Any past articles or advice on a Canadian buying in Palm Springs, CA.
Going to buying for investment purposes with hopefully rental income
form vacation/tenant options.
Concerned about tax implications, property taxes, IRS, estate fees and
anything else you can think of.
Thanks,
----------------------------------------
david ingram replies:
For others, the writer is referring to Ozzie Jurock's excellent Real
Estate Investment Groups. Find out more at www.jurock.com
To the questioner
You likely need to buy an hours consultation. It is too bad that you
missed Ozzie's Jan 6 seminar.
I am just answering with a series of old questions -
-------------------------
Sent: Wednesday, January
30, 2008 12:36 PM
Subject: buying land in
Texas
Hi Sir/Madam,
I am a Canadian citizen and I want to buy property in somewhere in
Texas. Do I have to pay any different tax?
Thank you
------------------------------
david ingram replies:
This older Q & A should
assist you.
---------------------------------------------
davidingram@shaw.ca:
Please see bottom of message if you wish to unsubscribe.
------------------------------------------
Hello David,
As per our conversation earlier,
my dad is a Canadian Citizen and has very good credit. He wants to buy
home in US , but just to rent it later. What would be the requirements
for this, and what papers he would need? He has no intentions to live
or work in US.
Thanks,
THE FOLLOWING IS WHAT WE HANDED
OUT AT THE SEMINAR FOR 113 PEOPLE INVESTING IN THE US.
There are no restrictions. He can buy anything he can afford but can
NOT do any work on it if it is a rental property.
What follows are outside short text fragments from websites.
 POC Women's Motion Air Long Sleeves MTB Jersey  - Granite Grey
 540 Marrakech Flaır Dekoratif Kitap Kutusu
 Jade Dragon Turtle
He does not need anything but a Canadian Passport to go to the US to
buy the property.
And, if going by land, he only needs a valid Canadian Government
driver's licence with a picture on it AND a birth certificate or a
Canadian Health Card.
=================================
My_question_is: Applicable
to both US and Canada
Subject: Filing tax on New Rental Property Texas
Expert: taxman@centa.com
Date: Saturday January 19, 2008
Time: 05:23 PM -0000
QUESTION:
We are Canadians and acquired a residential property in Texas in Dec
2007. We have a property manager and sent in applications for ITINs.
Our intention is to rent the property out for a number of years and
then reside in it seasonally.
We will have to seek representation for future tax filings but have a
number of questions:
1. Well we haven't rented out the property yet, we incurred expenses in
2007(legal, renovations, interest, property management).
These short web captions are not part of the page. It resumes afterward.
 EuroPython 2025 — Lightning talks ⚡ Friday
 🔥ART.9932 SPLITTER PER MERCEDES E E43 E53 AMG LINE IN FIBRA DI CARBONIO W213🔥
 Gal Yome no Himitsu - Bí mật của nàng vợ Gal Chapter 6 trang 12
Can we carry forward these expenses to filing in both jurisdictions in
2008 ?
2. We did two trips in 2007 for searching for
properties in the location before we bought. Are the costs associated
with these trips, deductible in both Canada and US filings?
3. Depreciation - our intention after renting out the property for a
number of years is to use it as a secondary residence. What are the
considerations concerning deducting depreciation with any future
disposition?
-----------------------------------------------------
david ingram replies:
1. Any expenses for the purchase and getting ready for rent are NOT
deductible against current income.
They CAN be added to the principal and deducted in the future against
any capital gains when you sell it And be depreciated int eh meantime.
As an example:
You buy a unit for $194,000. and spend $2,000 legal expenses and
$4,000 travel (to buy) for a total of $200,000
The municipal appraisal is for $150,000 and says the land is worth
$75,000 and the improvements (bldg) are worth $75,000
You would set up the opening depreciation schedule in the US (schedule
4562) as Land $100,000 - Building $100,000 as a proration of the
$200,000 you paid.
You would do the same in the CCA spot on Canada's T776.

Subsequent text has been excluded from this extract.